LifeWay letter of intent narrows potential buyers

LifeWay letter of intent narrows potential buyers
Art Toalston, Baptist Press
February 25, 2015

LifeWay Christian Resources, continuing to move toward selling its 14.5-acre downtown Nashville complex, signed a letter of intent Feb. 23 with “a firm that represents a group of local and national developers.”

A letter of intent, according to a LifeWay statement issued Feb. 24, is “a temporary legal arrangement allowing the seller and potential buyers time to concentrate their negotiations.”

The LifeWay statement, issued by Marty King, director of corporate communications, noted that talks are ongoing “so it would be premature for us to discuss any elements of the negotiations or the businesses and individuals involved.”

LifeWay, the publishing arm of the Southern Baptist Convention (SBC), has analyzed “more than a dozen offers to purchase our property in downtown Nashville” and had eliminated several of the offers during the week of Feb. 17, King said.
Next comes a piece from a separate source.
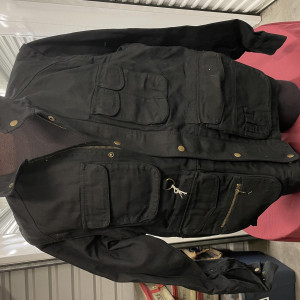 Mark Wahlberg ("Bob Lee Swagger") screenworn Black Jacket – Shooter (2007)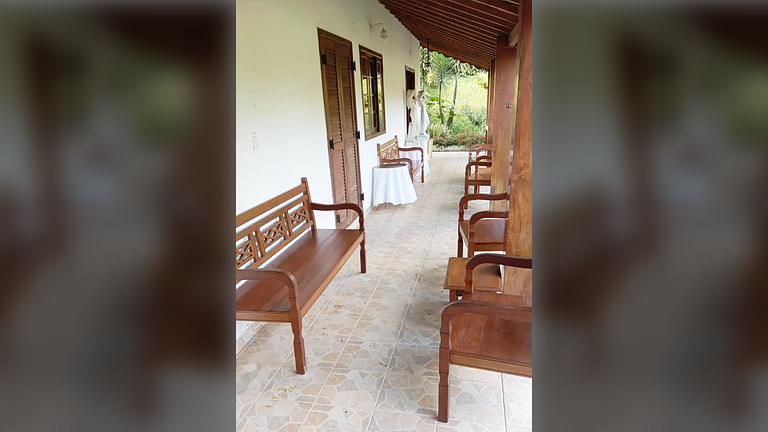 Conforto em Juquitiba: Piscina e Lago para Pesca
The SBC entity has “focused on a handful of possible buyers … Several other potential buyers have been told their offers are on hold until current negotiations either move forward toward a contract or are dissolved.”

King said LifeWay anticipates “a final decision in a few weeks, as we continue to seek the arrangement that provides the best stewardship of the resources with which LifeWay has been entrusted for more than 100 years.”

LifeWay’s downtown campus includes nine buildings with more than 1 million square feet of office, warehouse and parking space. About 1,100 of LifeWay’s employees work in the downtown offices. The organization also oversees 186 stores and 4,300 employees in 29 states.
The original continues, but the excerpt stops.